> [Your goal]: Search the listing below for the line containing "Rot-weiße RWE-Fankurve mit". From there through the line containing "anemonenan's cooksnap of", transcribe every line exactly, both ends included.

> [Provided records]:
^^^^

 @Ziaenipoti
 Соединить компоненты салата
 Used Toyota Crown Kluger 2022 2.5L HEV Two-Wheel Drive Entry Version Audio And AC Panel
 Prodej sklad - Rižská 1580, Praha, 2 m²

^^^^

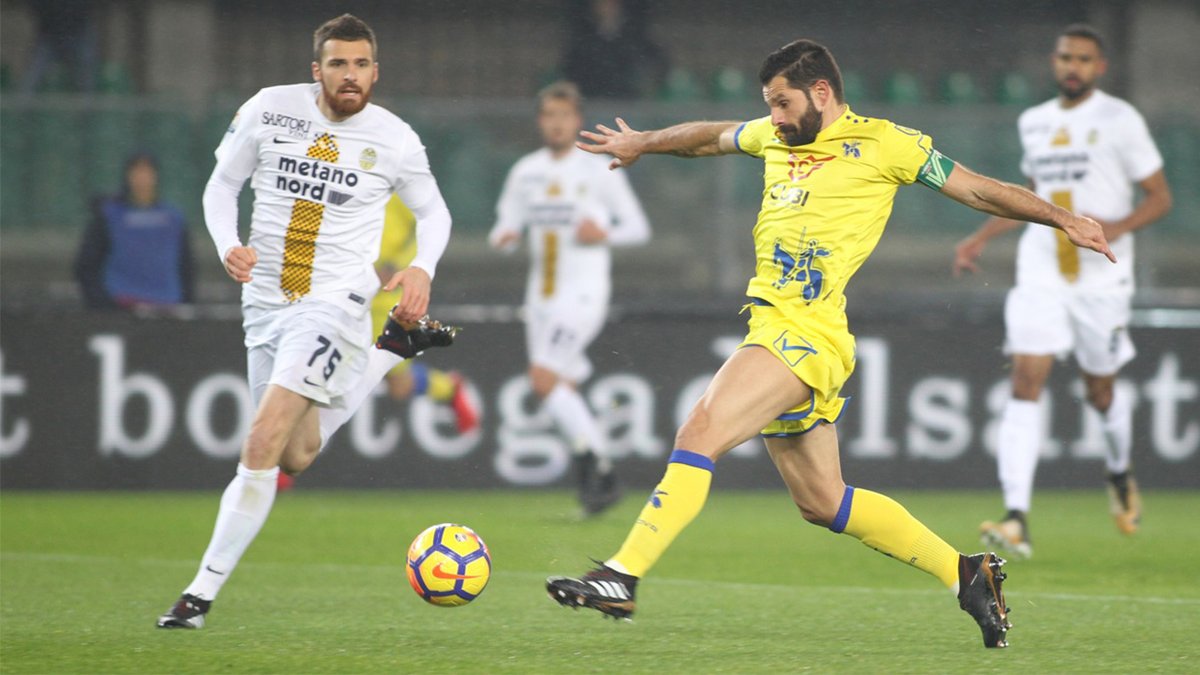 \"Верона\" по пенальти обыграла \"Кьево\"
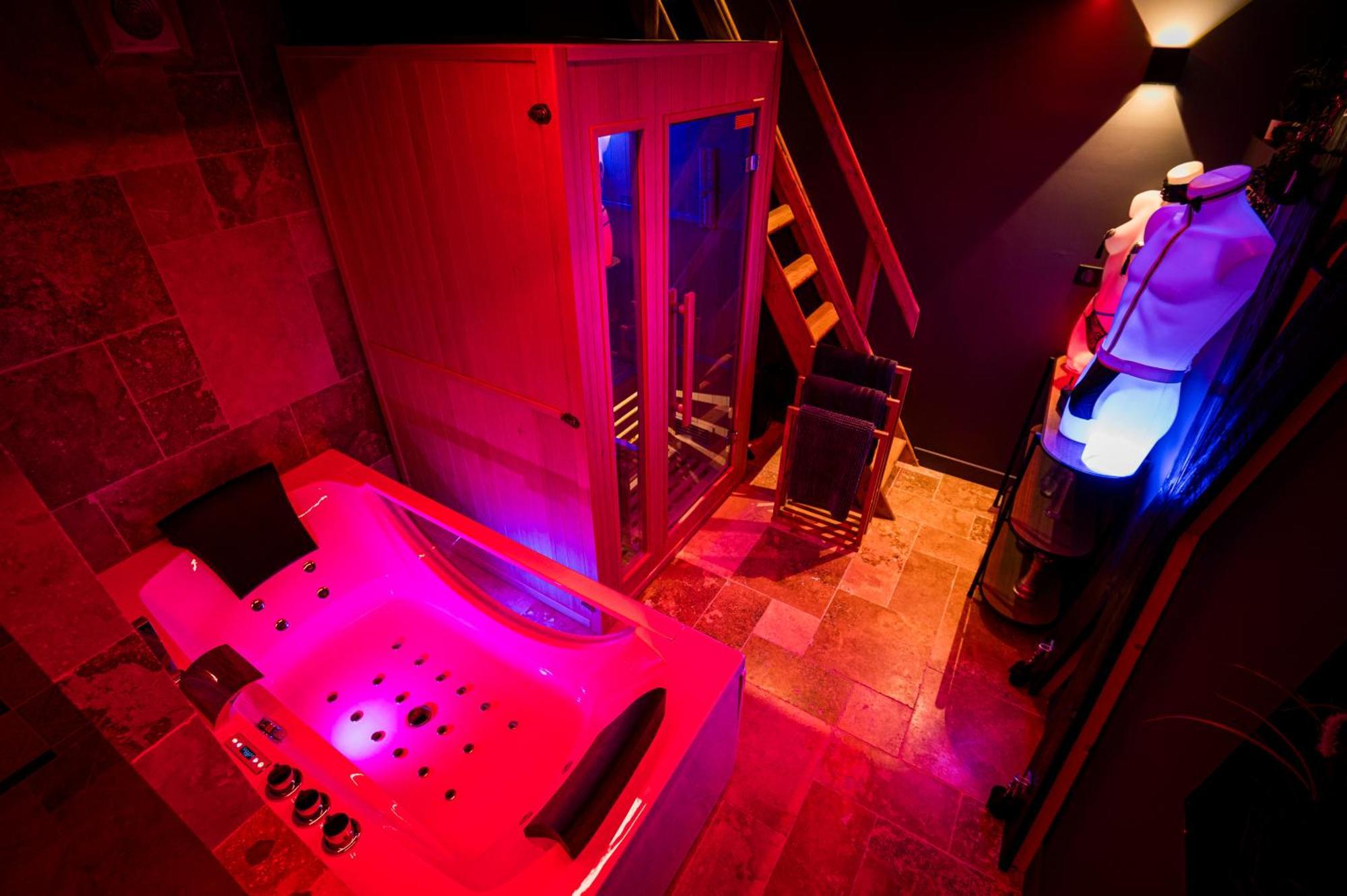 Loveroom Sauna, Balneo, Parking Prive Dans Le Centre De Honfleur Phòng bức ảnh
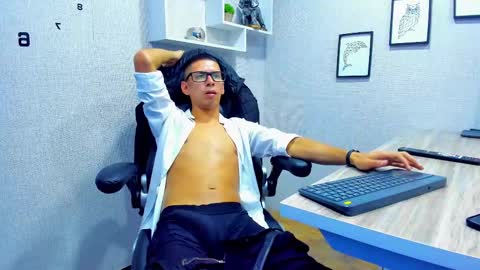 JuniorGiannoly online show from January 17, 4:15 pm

^^^^

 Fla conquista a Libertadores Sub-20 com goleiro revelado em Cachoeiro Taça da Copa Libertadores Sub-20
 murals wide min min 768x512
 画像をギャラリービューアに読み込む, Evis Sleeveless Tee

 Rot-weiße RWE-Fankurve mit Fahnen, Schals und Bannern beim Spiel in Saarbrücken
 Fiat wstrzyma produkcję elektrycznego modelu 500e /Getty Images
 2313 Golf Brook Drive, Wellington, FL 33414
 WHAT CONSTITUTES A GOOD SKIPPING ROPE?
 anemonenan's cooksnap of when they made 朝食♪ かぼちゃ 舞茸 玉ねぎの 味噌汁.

^^^^

> [Answer section]:
 Rot-weiße RWE-Fankurve mit Fahnen, Schals und Bannern beim Spiel in Saarbrücken
 Fiat wstrzyma produkcję elektrycznego modelu 500e /Getty Images
 2313 Golf Brook Drive, Wellington, FL 33414
 WHAT CONSTITUTES A GOOD SKIPPING ROPE?
 anemonenan's cooksnap of when they made 朝食♪ かぼちゃ 舞茸 玉ねぎの 味噌汁.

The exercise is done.